### Provided entries ###

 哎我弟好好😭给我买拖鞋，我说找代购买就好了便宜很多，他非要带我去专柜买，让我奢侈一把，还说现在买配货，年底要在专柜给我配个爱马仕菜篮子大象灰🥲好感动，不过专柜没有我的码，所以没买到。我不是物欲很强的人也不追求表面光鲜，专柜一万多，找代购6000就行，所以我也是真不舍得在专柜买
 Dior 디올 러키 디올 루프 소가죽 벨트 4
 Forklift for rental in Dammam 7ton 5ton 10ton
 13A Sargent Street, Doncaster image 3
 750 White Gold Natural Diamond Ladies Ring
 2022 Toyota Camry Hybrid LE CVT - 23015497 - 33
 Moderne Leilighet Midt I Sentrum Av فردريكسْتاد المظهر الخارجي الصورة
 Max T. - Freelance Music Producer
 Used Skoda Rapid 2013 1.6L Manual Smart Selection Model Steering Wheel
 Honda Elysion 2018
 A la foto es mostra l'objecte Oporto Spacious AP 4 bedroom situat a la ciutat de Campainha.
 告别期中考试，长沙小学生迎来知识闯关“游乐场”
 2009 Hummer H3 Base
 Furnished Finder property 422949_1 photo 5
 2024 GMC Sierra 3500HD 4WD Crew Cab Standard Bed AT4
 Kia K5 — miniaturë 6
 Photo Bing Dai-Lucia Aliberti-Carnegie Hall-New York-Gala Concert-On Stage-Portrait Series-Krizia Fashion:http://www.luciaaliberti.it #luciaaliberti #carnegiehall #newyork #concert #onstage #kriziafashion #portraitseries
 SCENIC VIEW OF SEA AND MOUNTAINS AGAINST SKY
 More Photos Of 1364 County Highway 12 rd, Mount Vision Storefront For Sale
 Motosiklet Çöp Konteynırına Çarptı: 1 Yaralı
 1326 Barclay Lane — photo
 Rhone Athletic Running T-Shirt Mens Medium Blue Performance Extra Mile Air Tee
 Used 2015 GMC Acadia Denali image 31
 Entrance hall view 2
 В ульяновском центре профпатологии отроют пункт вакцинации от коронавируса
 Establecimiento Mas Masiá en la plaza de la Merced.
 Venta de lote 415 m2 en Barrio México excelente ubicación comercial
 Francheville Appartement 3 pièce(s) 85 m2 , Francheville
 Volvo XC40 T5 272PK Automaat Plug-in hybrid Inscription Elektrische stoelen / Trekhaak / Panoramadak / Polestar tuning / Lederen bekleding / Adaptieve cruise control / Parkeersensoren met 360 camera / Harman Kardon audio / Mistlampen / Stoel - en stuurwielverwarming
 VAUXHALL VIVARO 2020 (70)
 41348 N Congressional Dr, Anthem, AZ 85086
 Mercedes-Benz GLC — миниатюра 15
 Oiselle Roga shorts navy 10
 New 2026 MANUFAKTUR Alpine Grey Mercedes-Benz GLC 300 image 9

###

:: Task goal ::
Return every line of the preceding records in which the word "image" appears.

:: Solution to this problem ::
 13A Sargent Street, Doncaster image 3
 Used 2015 GMC Acadia Denali image 31
 New 2026 MANUFAKTUR Alpine Grey Mercedes-Benz GLC 300 image 9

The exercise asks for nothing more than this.